Brown v. Allen

43 Me. 590 | Me. | 1857

Rice, J.

The parties claim title under the same original grantor. The only question in controversy between them, is, whether William O. Colbath had any legal title to the north half of lot No. 13, range 1, in Stetson, at the time of the levy upon it as his property. It is conceded that said Colbath acquired a good title to said north half, by deed, dated December 16, 1836. A deed from him to Joseph Leathers, of twenty-five acres, taken from the north end of said north half, dated March 7, 1847, was introduced, subject to objection.

To show that at the time of the levy against William O. Colbath, he had parted with all his interest therein, and therefore nothing passed by the levy, the defendant read, subject to objection, a deed from William O. Colbath and Henry H. Colbath, dated November 5, 1840, and recorded, of a parcel of land situated in said Stetson, described as follows: “A part of lot No. 13, range 1, it being a part of the south half of said lot, and all of said half lot, except so much of said half lot as is deeded from William Colbath to Joseph Leathers.”

Leathers was permitted to testify that he did,not own any part of the south half of No. 13. There was also testimony that November 5, 1840, W. O. Colbath was in possession of the south part of the north half, and that he was not known to have possession of any part of the south half of No. 13.

The description in the deed of November 5, 1840, is distinct and clear. There is no ambiguity upon its face, nor is there any apparent repugnancy in its terms. It is contended that the exception in this deed, taken in connection with the testimony, shows not only a latent ambiguity, but that the *599description of the land by number is inconsistent with tho whole deed, and should be rejected as false.

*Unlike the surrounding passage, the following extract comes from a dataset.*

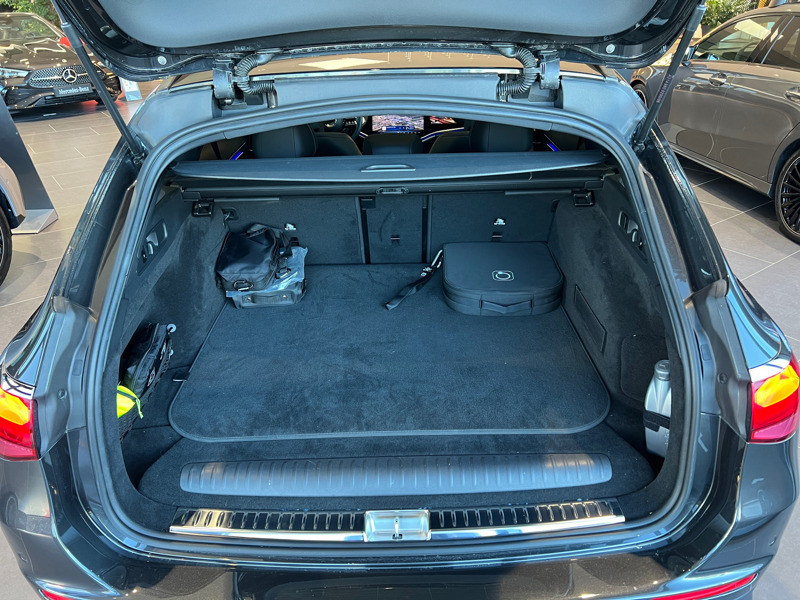 Image Mercedes-Benz CLASSE E BREAK Classe E 300 e Hybrid EQ AMG Line Break  Classe E 300 e Hybrid EQ AMG Line Break Classe E 300 e Hybrid EQ AMG Line Break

As already remarked, the alleged repugnancy arises from the exception in the grant. All the south half is conveyed, except, Ac.

An exception in a deed must be a portion of the thing granted, or described as granted, and can be nothing else. Craig v. Wells, 1 Kernan, N. Y., 315.

In Bell v. Morse, 6 N. H., 206, the land demanded had been conveyed in distinct terms of description, but the deed contained an exception of thirty feet in front, on tho north corner, to run parallel with the line of my garden fence, to the eastern line of the lot I bought of Joshua Howard.” It was proved by parol, subject to objection, that tho land described in the exception was no part of the land conveyed, as described in the deed, but was part of another lot, which it was contended the grantor intended to convoy. There were other facts, similar in character to those in the case at bar, tending to show a mistake in the description in the deed.

The court, in their opinion, say: But there are circumstances in this case which certainly render it not improbable that the land intended to be conveyed by that deed was in fact the forty acres.

One of these circumstances is the fact that a part of the forty acres, which was actually staked out by tho parties at the time, is excepted in that deed. Every one must at once perceive, that an exception, to have any effect, must be a part of that which would otherwise pass by tho deed, and that when one thing only is granted, to except another thing from the operation of the grant must be idle and nugatory.

There must be a grant before there can be anything for the exception to rest upon. Strike out the description, by number, in this case, and the exception falls with it, and nothing would pass by the deed. Thus tho exception, being part of the thing granted, cannot be repugnant to the grant.

In Lincoln v. Avery, 1 Fairf., 418, it was held that parol *600evidence is inadmissible to show that in writing a deed the scrivener, by mistake, inserted the words, “ the north half,” immediately preceding the number of the lot. That case is in point, and well sustained by authorities.

Where a tract of land is granted in clear and unmistakable terms, the grantor and those claiming under him are estopped to say in a court of law, that the land thus described in the deed, was inserted by mistake, and that another piece of land was intended.

Such mistakes or errors can be corrected, if at all, only in a court of equity. Bell v. Morse, 6 N. H., 205; Barnes v. Leonard, 10 Mass., 459.

The parol evidence was improperly admitted. The exceptions are therefore sustained. But the verdict may be amended, and judgment entered, according to the agreement of the parties.